Na verdade, não é um nome sem história, pois com muita probabilidade é ele quem dá nome à (atual) Rua do Pintor daquela cidade alentejana, sendo topónimo já existente no início do século XVII. A sua reiterada presença nos registos paroquiais de Santo André de Estremoz é o melhor indicador de claro estatuto social.

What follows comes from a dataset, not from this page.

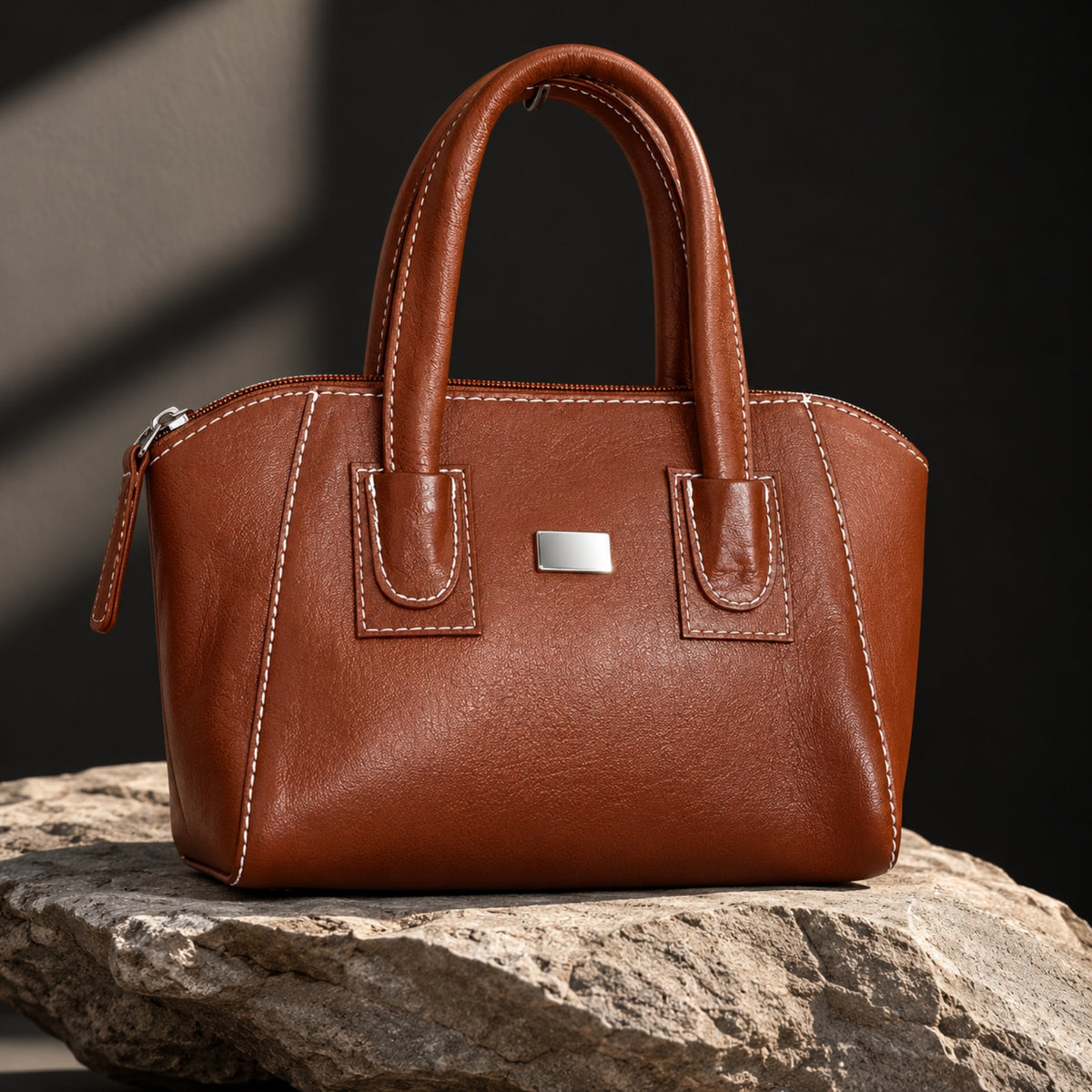 Classic Brown Leather Handbag with Contrast Stitching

Mas como oficial de pintura apenas o tínhamos registado a pintar para a câmara estremocense (1558) e para as Maltesas de Estremoz (1583), neste último caso provavelmente o retábulo da capela-mor da igreja. O que se não sabia (e isso faz toda a diferença na perceção qualitativa da sua obra) é que ele, vindo de pintar o retábulo da igreja paroquial da aldeia de Seda (1563), também produz neste ano um retábulo para o Convento de Avis por contrato com D. Jorge de Lencastre (1548-78), conforme se documenta no cartório de Avis: “Manuel Fernandes pintor natural da vila de Estremoz que ora esta em esta vila [de Avis] pintando o retábulo do senhor Dom Jorge de Lencastre prior-mor do convento desta vila”. (Arquivo Distrital de Portalegre, Cartório Notarial de Avis, Cx.12, fls. 59v- 60).

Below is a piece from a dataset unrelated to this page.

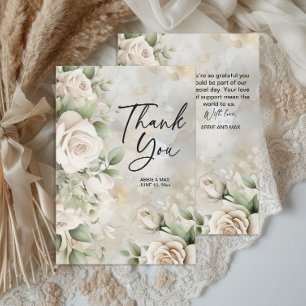 Carte De Remerciements Fleurs de sauge vertes florales crème classique Ma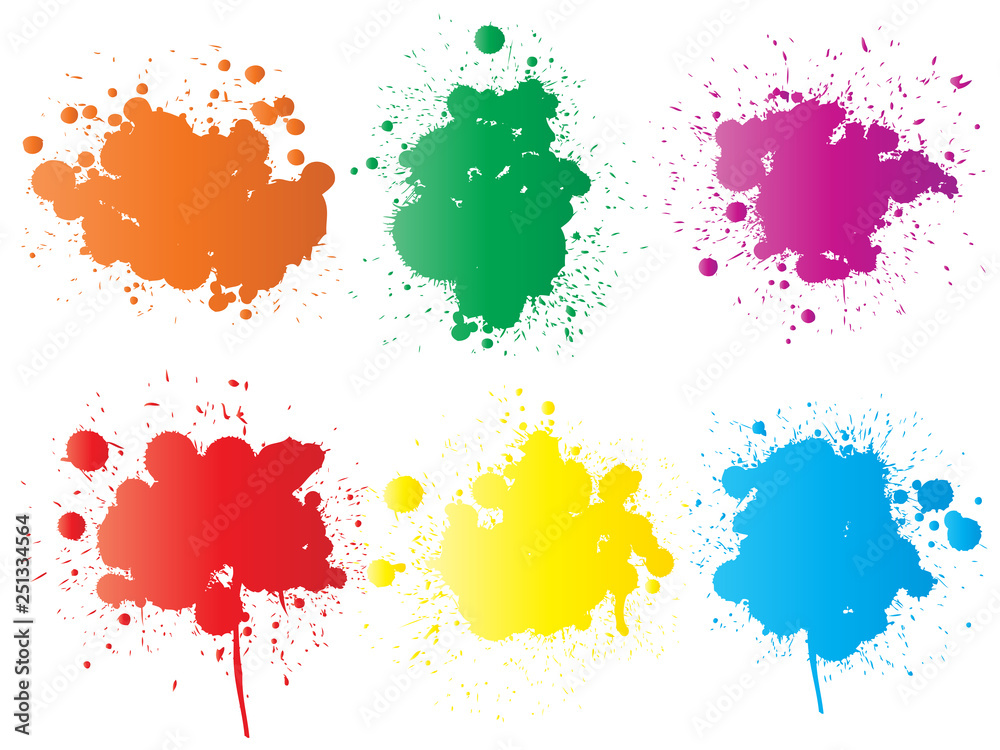 Vector collection of artistic grungy paint drop, hand made creative splash or splatter stroke set isolated white background. Abstract grunge dirty stains group, education or graphic art decoration Vector collection of artistic grungy paint drop, hand made creative splash or splatter stroke set isolated white background. Abstract grunge dirty stains group, education or graphic art decoration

Trata-se, sem dúvida, de um pintor muito requisitado e com a melhor clientela da região, a quem continua a faltar, infelizmente, obra pictórica em contexto (o que não significa perdida). Um caso mais, pois, de um pintor regional até aqui desconhecido com longa carreira artística na região alto-alentejana, cuja obra vale bem a pena indagar.

Seja, pois, este testemunho documental uma prova mais de como na sombra dos grandes mestres continua escondido um património autoral inexplorado a que importa dar mais atenção e valor. Na verdade, um investimento necessário que é também um caminho possível, e certamente decisivo, para fortalecer a identidade cultural destes nossos territórios interiores.